I’m not usually this on top of trendy movies, and for that matter I don’t know if Cocaine Bear is actually trendy. Judging by the turnout at the theater (including one guy who showed up in a bear costume) and the memability of the movie’s premise, I’ll assume that it’s at least known about. No spoilers ahead.
- At ~$30 million, Cocaine Bear sits in the mid-budget category — just above Everything Everywhere All at Once and just below Knives Out. There’s a really persuasive argument by REKRAP (and elsewhere) that the demise of mid-budget cinema is bad for movies as a whole. Mid-budget movies can’t afford top-of-the-line spectacle, but good ones make up for it by getting very creative with the resources at their disposal. $30 million is still a ton of movie. We’re not talking about short films here. But in filmmaking, it’s at the sweet spot of affording great talent (but not idols) and creating great effects (without an overwhelm of CGI). Some examples without adjusting for inflation: No Country for Old Men, Blade Runner, Hero.
- It’s a lot of fun. Like, you’d have to be Grape Nuts level boring to make this movie and make it boring. Cocaine Bear does a lot of “goofy suffering” humor, and it’s not for squeamish moviegoers. I probably would have switched it off if I was watching it at home. But my friends and I ate a bunch of barbecue, then saw it in theaters with popcorn and beer. Made for a solid night.
- What Cocaine Bear doesn’t do as well, in my opinion, is capture the magic of goofy horror movies. Slashers — and not to sound like a broken record with my No Country take, but I think Cocaine Bear is uncontroversially a slasher, or at least a splatter thing — succeed when they marry the over-the-top and the self-serious. Scream works as parody because of the year it came out (at the end of the Golden Age of slashers), but also because it’s just good horror. Plus it does something new by adding a whodunnit element. I can’t explain exactly what I mean, but Cocaine Bear feels like a two hour punchline. It’s a fun watch, but I’m not sure it has many opinions about what a horror movie should be.
- One stance the movie does take, which is very refreshing, is that it’s not fun to gut characters in the middle of their plotlines. For the kind of movie it is, it uses death pretty judiciously. Ditto, the bear is treated more like an animal than like Jason Voorhees, which I love.
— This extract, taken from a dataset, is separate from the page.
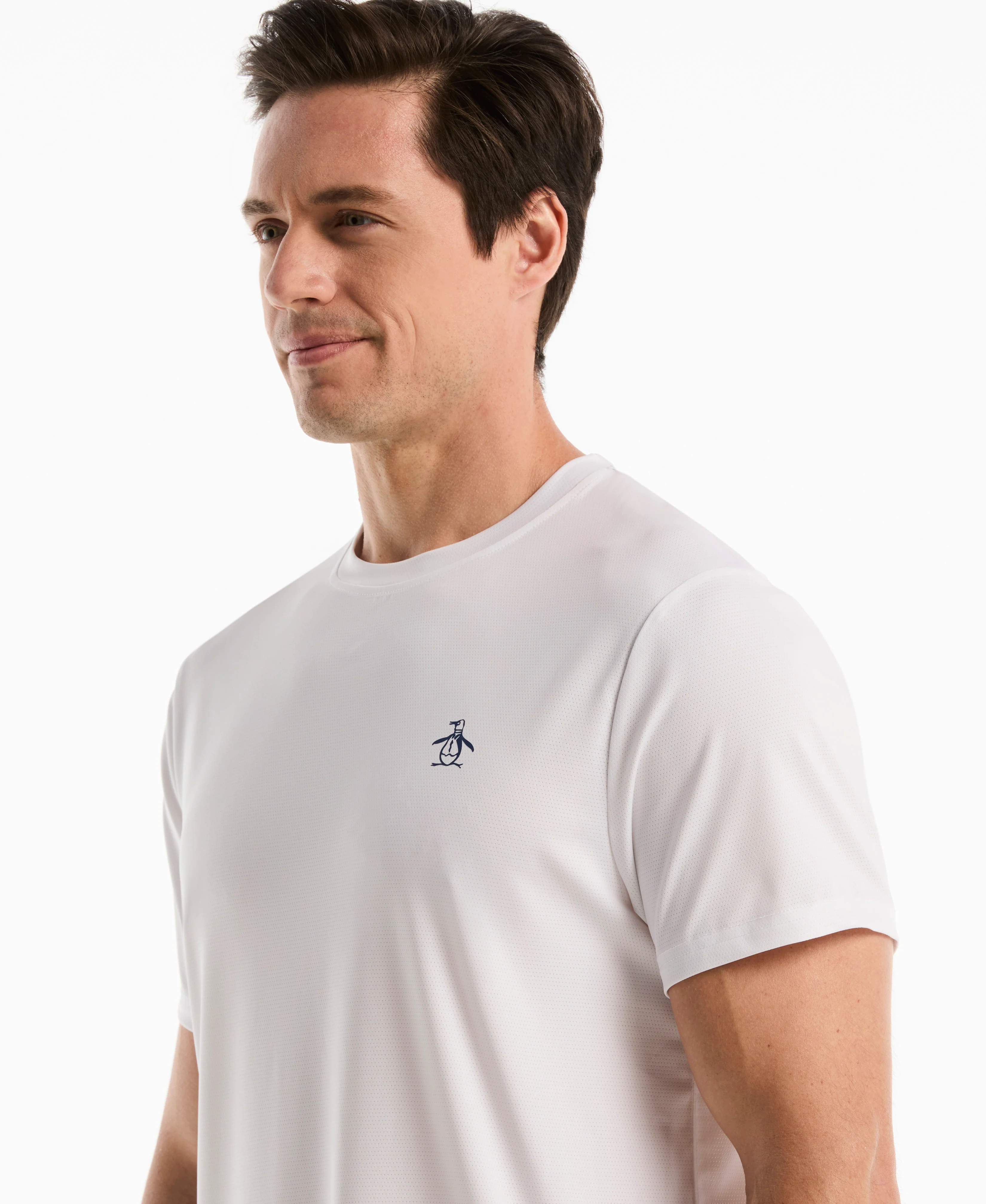 Solid Performance Crew Tennis Tee - Image 7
Quick aside, but there’s a language for animals in movies that I think is developing, to the benefit of cinema as a whole. I’m thinking of The Banshees of Inishiren, which prominently features a dog, but finds many ways to tell you that the dog will be okay. That said, if you’re considering watching the movie and are sensitive to animal plotlines, still check Does the Dog Die.